After a considerable time as a fairly vocal skeptic of LLMs, I have changed my mind. Large Language Models (LLMs) can be an extraordinary Tinderbox companion.
I’ve now had about two weeks experience with a new, experimental Tinderbox build that “talks” to Anthropic’s Claude Desktop ($20/mo, and should also be able to communicate with many other AI models).
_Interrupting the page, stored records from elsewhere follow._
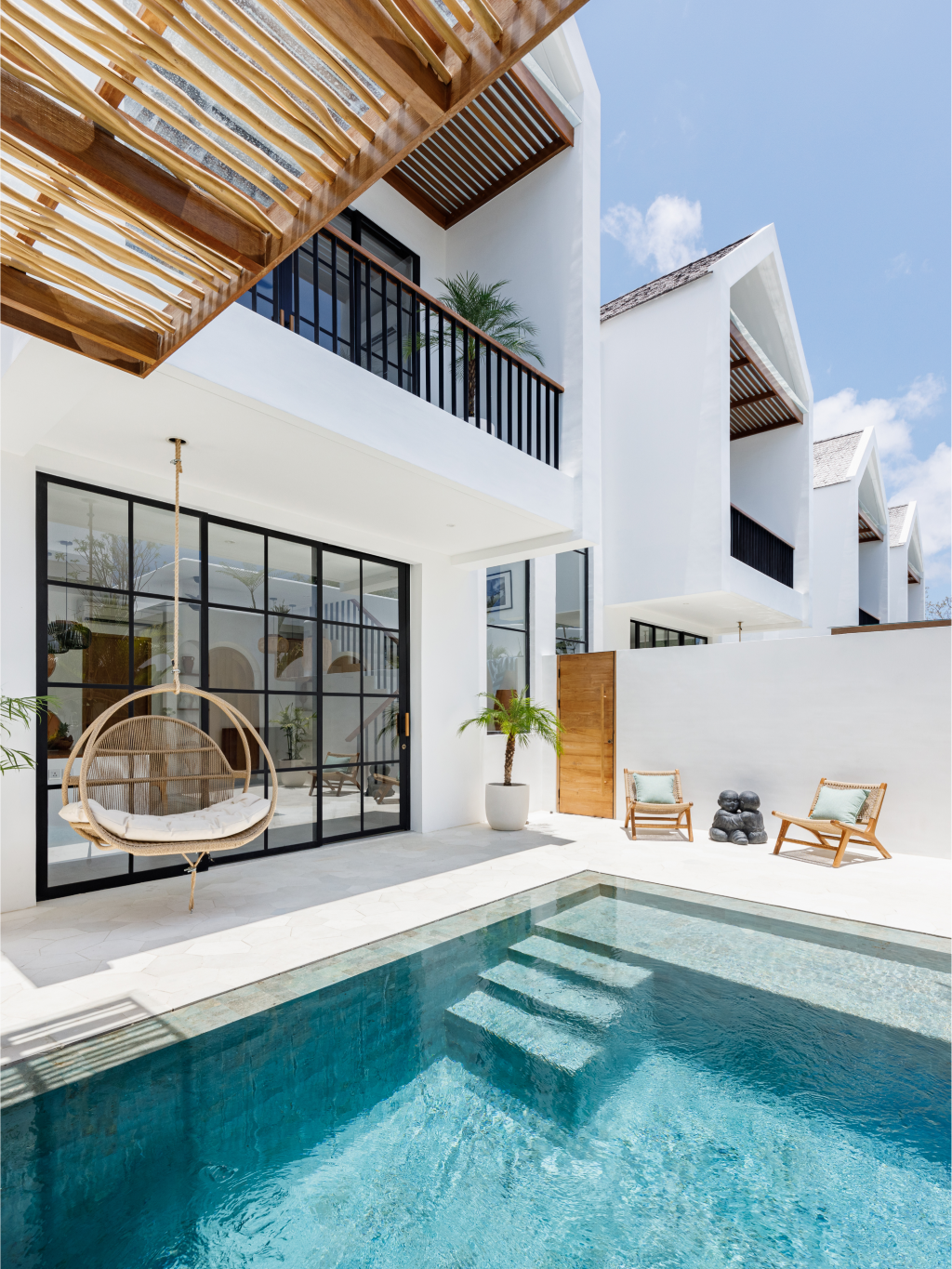 Modern white villa courtyard with a turquoise pool, hanging chair, and shaded balcony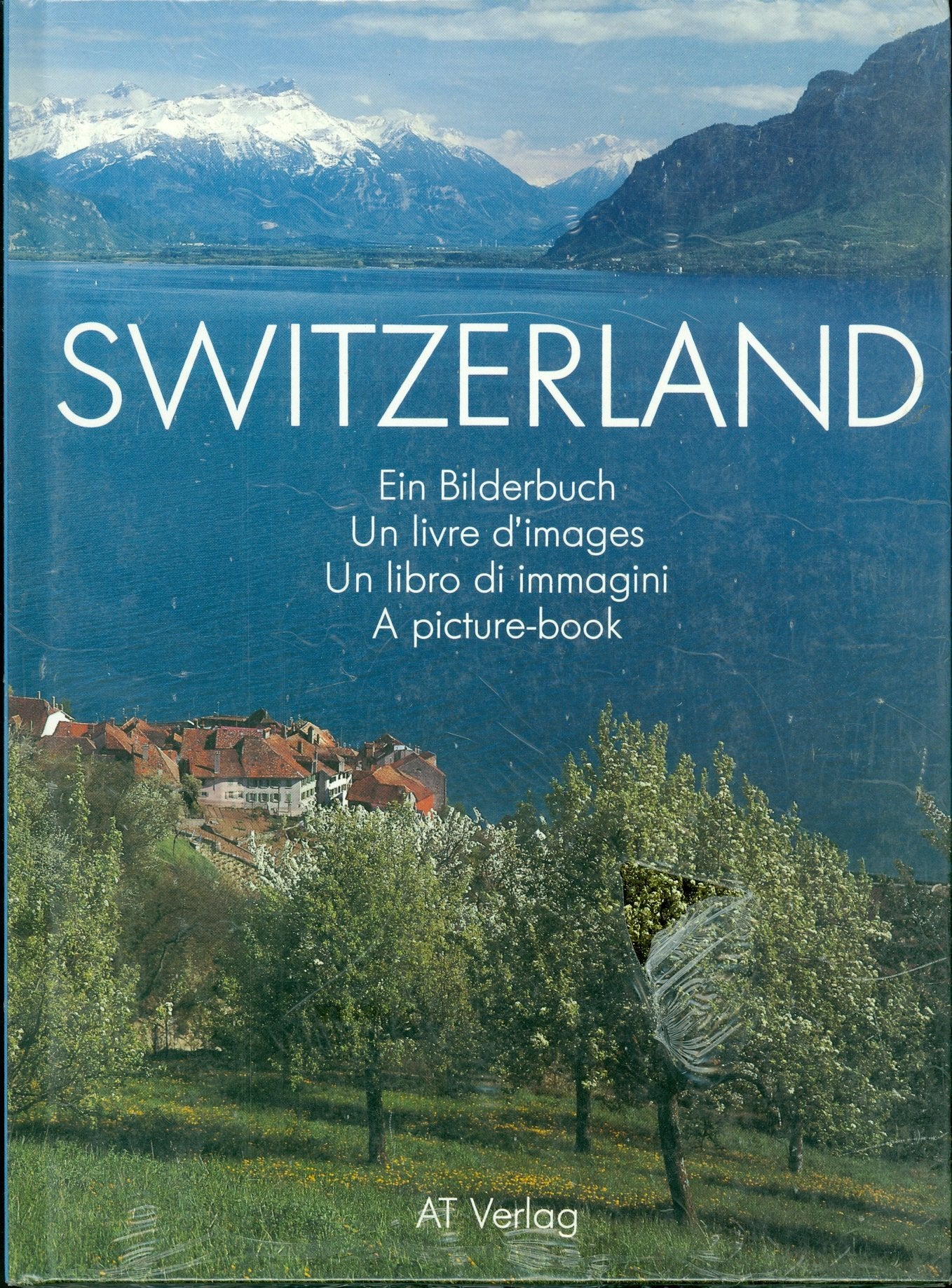 Switzerland: Ein Bilderbuch /Un livre d'images /Un libro di immagini /A picture-book Books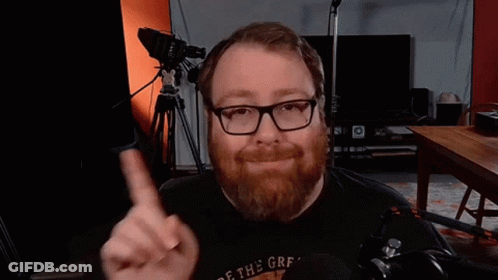 Man With Beard Glasses And Off The Grf Shirt GIF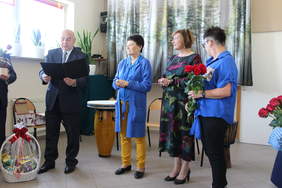 Pokaż zdjęcie: Na głównym planie stoi mężczyzna w garniturze i czyta list obok stoją trzy kobiety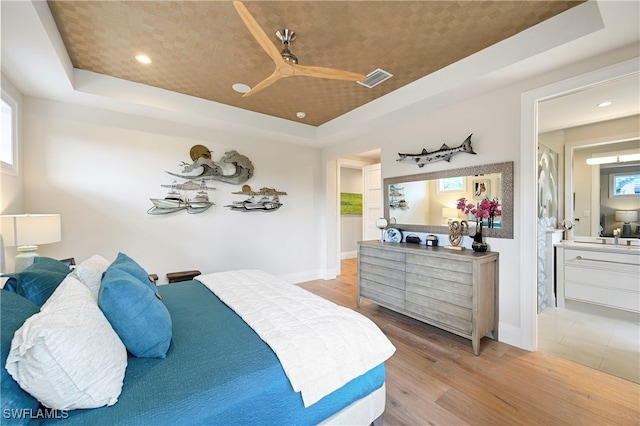 bedroom with ceiling fan, light hardwood / wood-style floors, a raised ceiling, and ensuite bath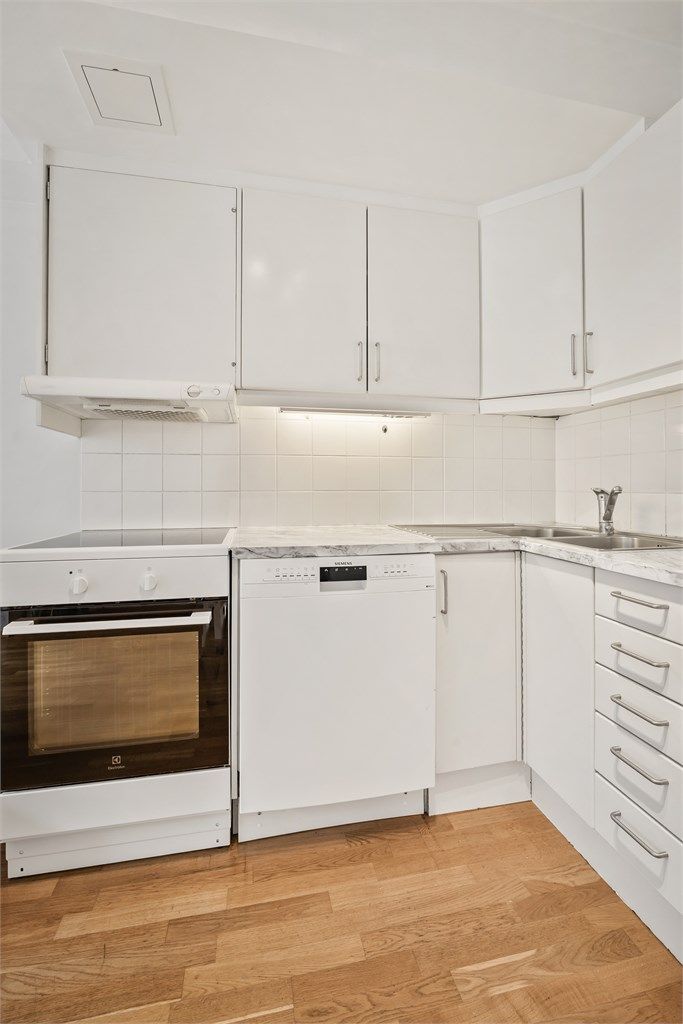 Fliser mellom kjøkkenbenk og overskap. Frittstående hvitevarer og ventilator i overskap.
Some observations:
-
Claude learns to use Tinderbox with remarkable facility. At first, it just guesses — and it has an unfortunate confidence that its guesses must be right! That’s annoying, but not very harmful. After supplying Claude with a one-page “cheat sheet” to get started, it became quite good at routine Tinderbox manipulations.
-
I spent about half an hour explaining Posters to Claude, and showed it the Mermaid example from the Poster demo. Claude got it almost immediately. (It still occasionally forgets to set $PosterTemplate or confuses it with $HTMLExportTemplate. Who doesn’t?)
-
Claude is really good as a research assistant, finding excellent suggestions. I had it gather planned reading from my own very ill-sorted Book Notes and it built a nice list. I asked for further reading on a variety of topics, and its suggestions were remarkably good. (If Claude were making stuff up, it wouldn’t matter for this application as I’d catch it right away.)
-
Claude was less good at discussing a tricky text. I asked it to read Emerson’s The American Scholar, and it went straight to Cliff’s Notes and to a term paper mill. Sigh. Pushing a little bit did help.
-
A key element to all this is that I leave notes for Claude (in
/Hints/AI/Claude/Readings
) that I expect it to read before each session, and Claude leaves notes to itself (in/Hints/AI/Claude/Notes
) for later reference. -
Claude is also quite good at boring work that sometimes comes up in research, like reformatting tables or finding syntax errors.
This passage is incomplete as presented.